Lilith and the Draconcopes - CrocodileStreet
http://riowang.blogspot.com/2020/06/lilith-and-the-draconcopes.html
======
olivierestsage
If anyone is interested in delving more into this topic, the most
authoritative (and surprisingly quite readable) treatment is "Lilith: Die
Erste Eva: Eine Studie uber dunkle Aspekte des Weiblichen" by Siegmund Hurwitz
(one of Carl Jung's students), translated into English as "Lilith the First
Eve: Historical and Psychological Aspects of the Dark Feminine."

------
teekert
I loved this podcast/audio-play about Lilith [0], from J. Daniel Sawyer [1].
Apparently he also wrote a book about the story [2]. I love everything he made
so far, so probably good ;)

[0]
[https://pca.st/episode/37ff5250-ab4c-0132-307f-0b39892d38e0](https://pca.st/episode/37ff5250-ab4c-0132-307f-0b39892d38e0)

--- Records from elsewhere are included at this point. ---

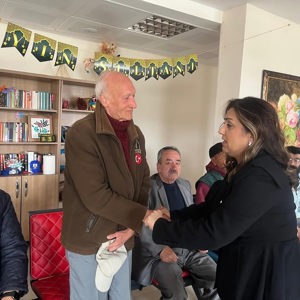 İl Müdürümüz Sayın Emine BÖÇKÜN, Karesi Huzurevi’ndeki Büyüklerimizi Ziyaret Ederek Bayramlaştı - fotoğraf 3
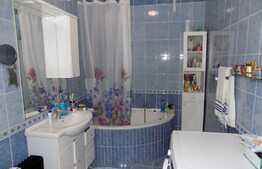 Apartament 2 camere, 56 mp, decomandat, parcare, zona strazii Porii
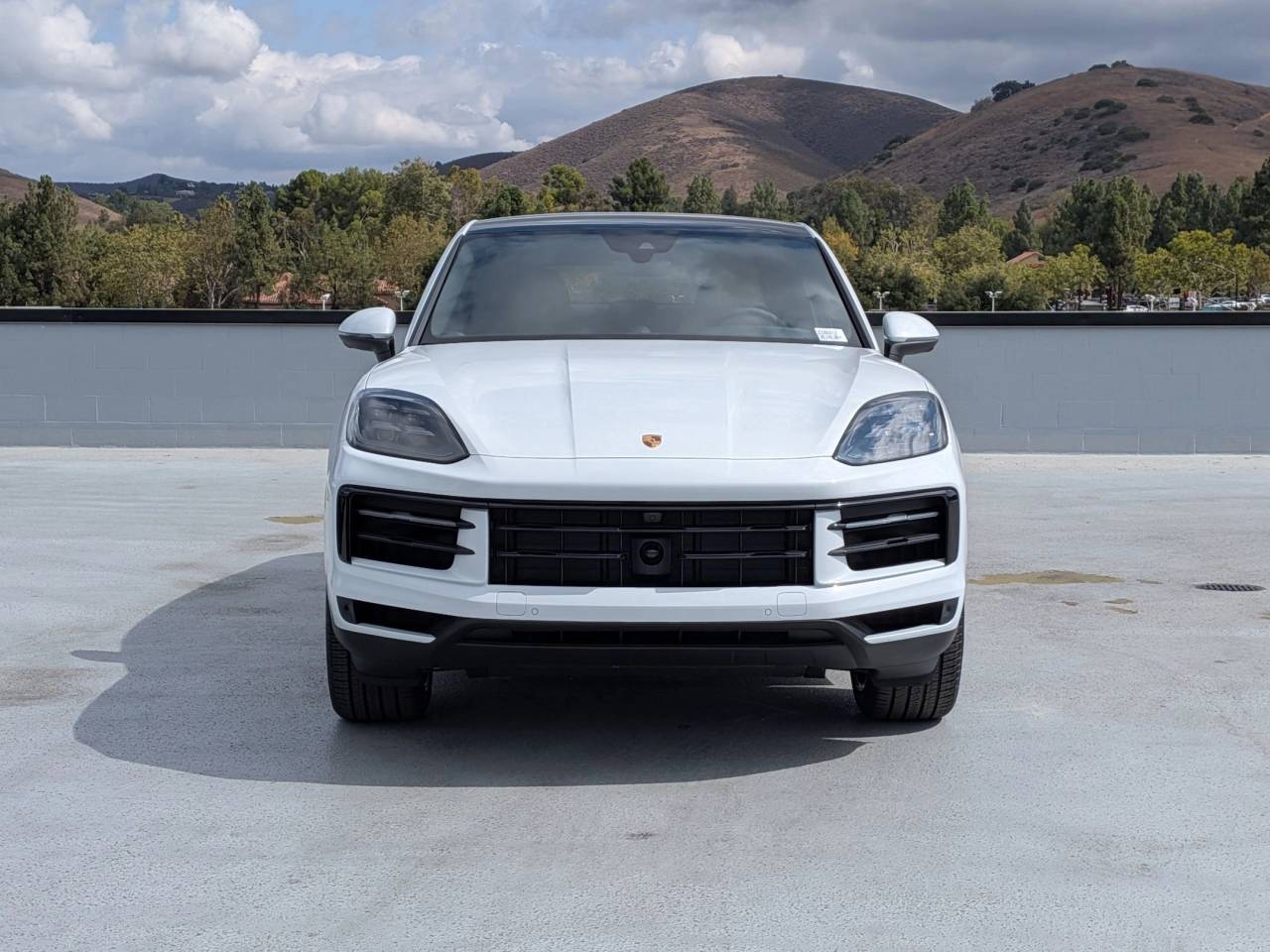2026 Porsche Cayenne Coupe photo 6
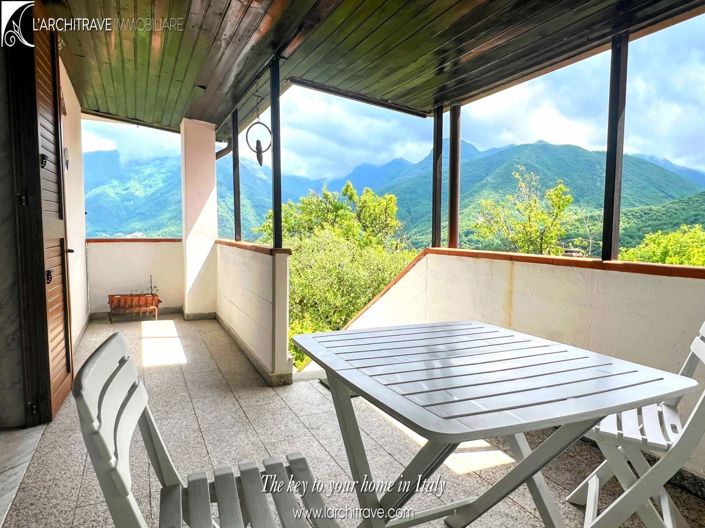Image No.1-2 Bed House for sale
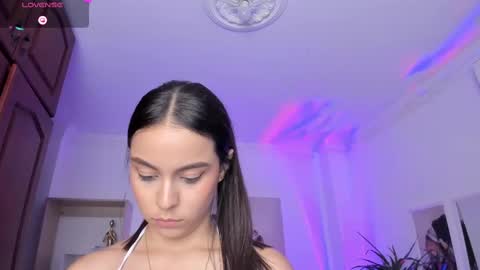 Snapshot of alejaa___ chatting on 5, 3, 2025 Alejandra online show from 5, 3, 2025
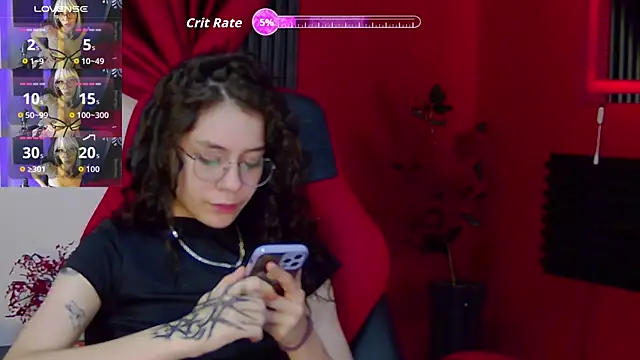 RavennMoonn online show from October 4, 9:05 pm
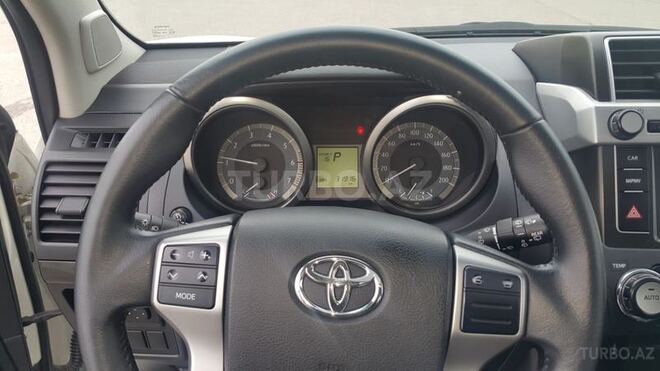 Toyota Prado 2015, 32,000 km - 2.7 l - Bakı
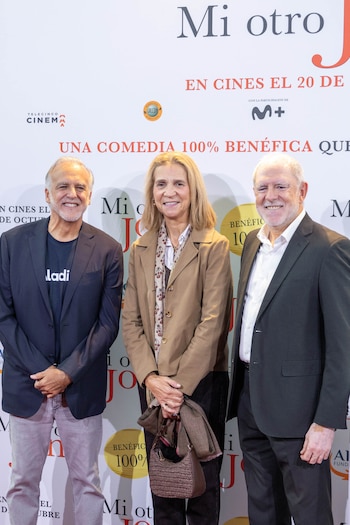 Paco Arango junto a la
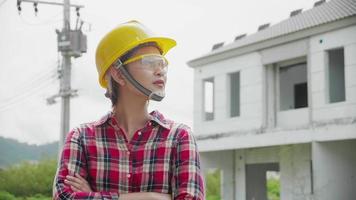 Porträt einer asiatischen Ingenieurin auf der Baustelle. Bau, Ingenieur, Architekturkonzept. video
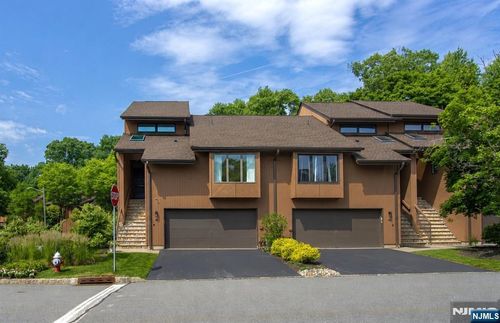 41 Sullivan Dr, West Orange, NJ, 07052-2260 | Card Image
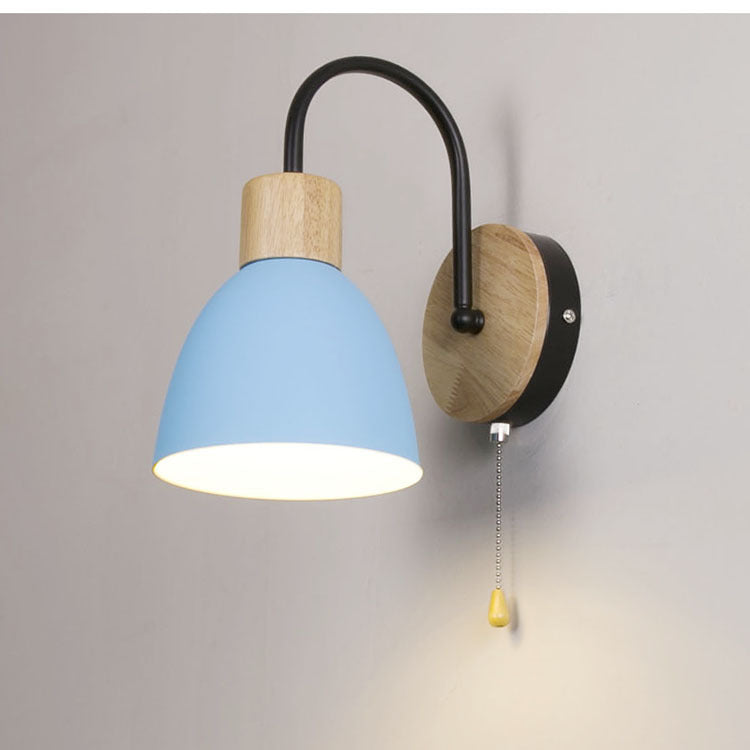 Moderne minimalistische Macaron gebogene Stange Runde Tasse Eisen Holz 1-Licht Wandleuchte Lampe für Schlafzimmer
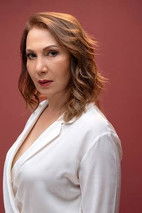 Pervin Balcı as Hanife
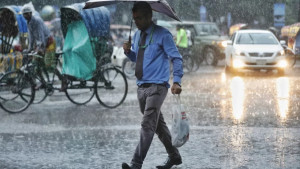 আগামী পাঁচদিন ভারি বৃষ্টি, পার্বত্য জেলায় ভূমিধসের শঙ্কা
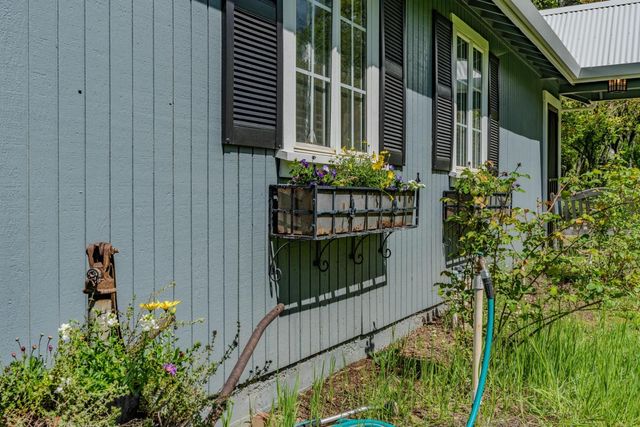 10690 White Oak Rd, Plymouth, CA 95669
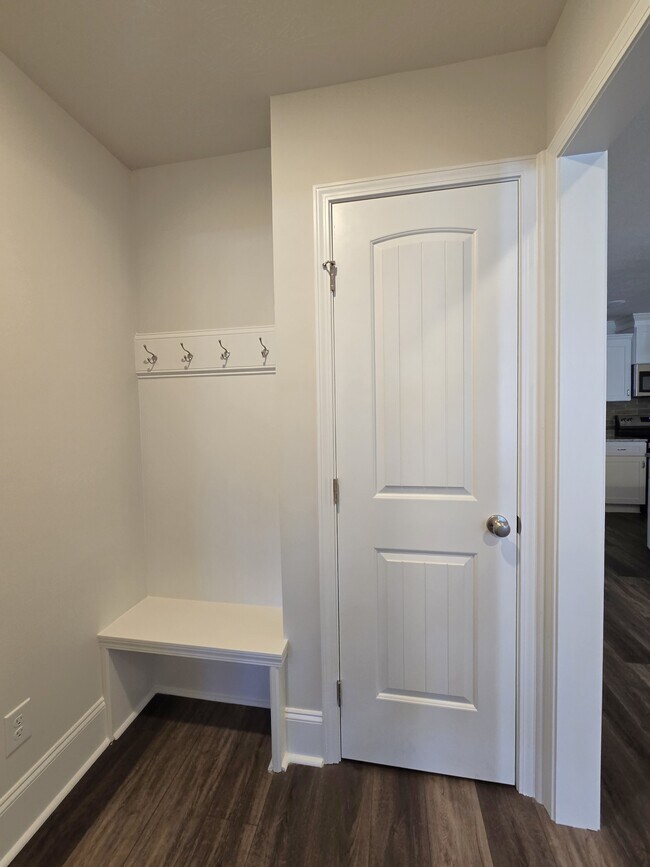 Building Photo - 8047 Bannock Cir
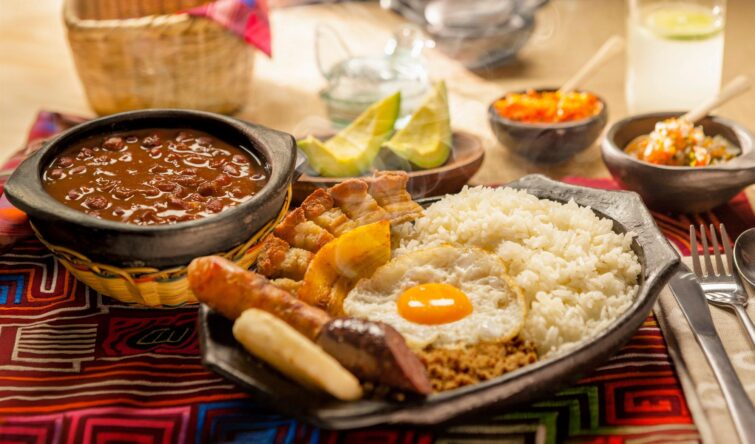 Bandeja Paisa, plat traditionnel colombien servi dans un plat en bois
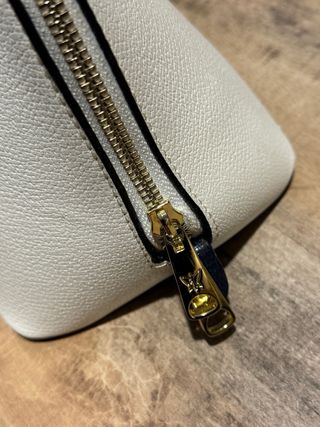 Bolso piel marca Pepe Moll señora rojo y blanco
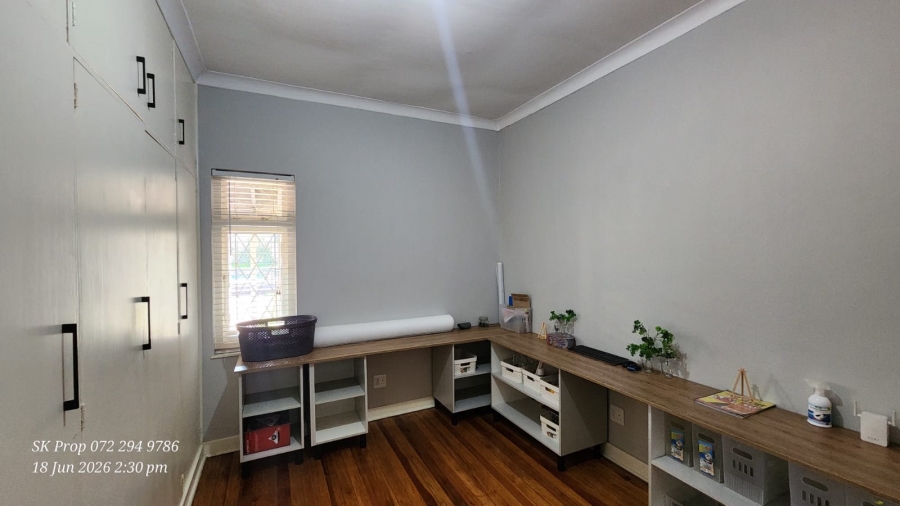 4 Bedroom Property for Sale in Scottsville KwaZulu-Natal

[1] [http://jdsawyer.net/](http://jdsawyer.net/)

[2]
[https://www.goodreads.com/book/show/9822058-lilith](https://www.goodreads.com/book/show/9822058-lilith)

------
082349872349872
TIL the snake in the Avedon photo had been Kinski's idea:
[https://www.anothermag.com/art-photography/10549/when-
avedon...](https://www.anothermag.com/art-photography/10549/when-avedon-shot-
nastassja-kinski-and-a-boa-constrictor)

------
ganzuul
This is a very long article on a religious/mythological subject, and I am not
sure why Hacker News needs to read it.

A summary would be much appreciated.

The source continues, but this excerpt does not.